67. Duarte Pacheco Pereira, navigateur portugais (fin XVe siècle), parle également de Niani dans son livre Esmeraldo de Situ Orbis.
68. Opinion déjà émise par Gaillard dans sa note sur les capitales de Mali (Bulletin du Comité d'Etudes Historiques et Scientifiques, 1923).
69. Même pour les autochtones il est difficile d'arracher certains secrets aux traditionalistes ; toutefois il ne faut pas désespérer car avec une longue habitude on arrive à vaincre la défiance des détenteurs des « secrets » du Manding. Mais il faut beaucoup de tact.
70. Cf. Tarikh el Fettach sur les conquêtes de Soni Ali, les pillages des Touaregs et les incursions mossi à la fin du XVe siècle.
71. Les auteurs français qui se sont intéressés à l'histoire du Mali n'ont pu utiliser les écrits de certains navigateurs portugais tel que Valentin Fernandes. C'est en 1951 que les oeuvres de cet auteur furent traduites en français par l'I.F.A.N. de Dakar.

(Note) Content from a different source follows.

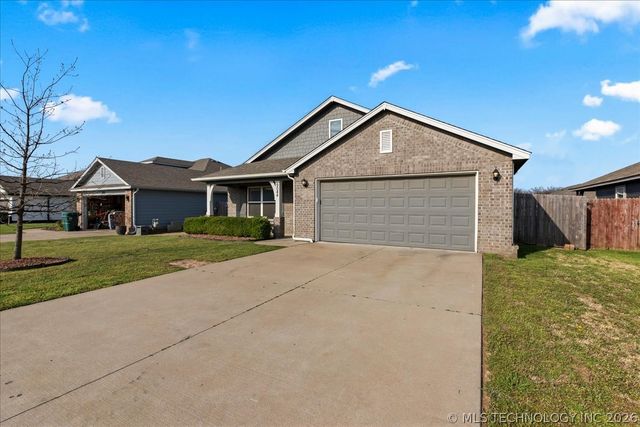 9044 S 254th East Avenue, Broken Arrow, OK 74014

72. Ce sont les tribus guerrières de Keita, Sissoko, Koroma, Camara qui ont occupé la Gambie. Ces tribus sont originaires du Vieux Manding, comme on le sait. Voici quelques noms de village qu'on retrouve aussi bien en Gambie dans le Vieux Manding : Djalakoro Niani ; le Canton de Sirimana rappelle le nom du Général de Soundjata qui conquit la province, Siriman Keita.

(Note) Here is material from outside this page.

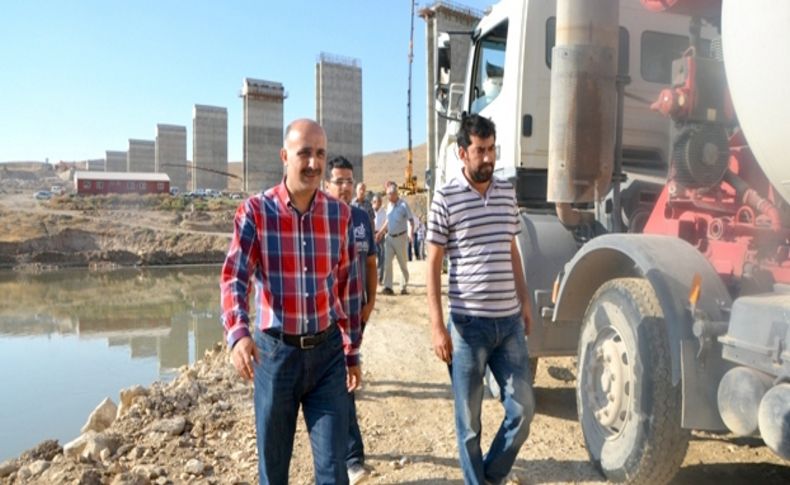 Özdemir: Kantar Köprüsü bağlantı yolları için ek ödenek çıkarıldı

73. Il s'agit de l'actuel El Mina dans le Nouvel Etat du Ghana (ex-Gold Coast) Les Malinké commerçants et colporteurs sont appelés Dioulas par les peuples de la Forêt. Il faut dire que sans doute ce ne sont pas les Malinké de la Gambie qui vont jusque sur le Golfe de Guinée, il s'agit ici des Malinké du Haut-Niger qui ont toujours fait la liaison entre la Forêt et les pays de la savane et du Sahel.
74. L'élevage des ânes était très important à cette époque. Animal résistant, l'âne était plus utilisé que le cheval pour les relations entre la savane et la forêt.
75. Certaines plantes citées par V. Fernandes ne sont pas encore identifiées. Voir Notes Africaines, p. 81, l'article de M. Portères : Plantes non encore identifiées, citées par V. Fernandes (1506), Juillet 1958.
76. Grâce à ces auteurs portugais, on voit que la culture de riz si savante des peuples de la Casamance et de l'actuelle Guinée Portugaise repose sur une tradition plusieurs fois séculaire.
77. Baghana, Wagadou, Ghana désignent le même territoire, le royaume de Ghana-Koumbi.
78. Hidji Mansa Moussa affirma aux habitants du Caire que son prédécesseur au trône était mort au cours d'une exploration de l'Atlantique. Ce roi voulut savoir où finit « l'eau salée » après avoir armé de nombreux navires. Il partit, mais ne revint plus (Cf. Ibn Fadl Al Omari. Trad. Gaudefroy-Demombynes). On est étonné devant une telle assertion vu l'ignorance des Noirs dans la navigation en haute mer, l'usage de la voile était inconnue. Gaudefroy Demombynes dit que le souverain a voulu éblouir ses auditeurs par un récit fabuleux. On ne peut prétendre que l'anecdote soit vraie mais il ressort que Mansa Moussa par ce récit montre que le Mali a plus ou moins regardé vers le Grand Océan; il n'est pas exclu que les Empereurs aient tenté de connaître la mer, il a pu y avoir des tentatives de reconnaissance des côtes africaines avant les Portugais. Mais aucune installation portuaire ne donne des indices sur de telles expéditions.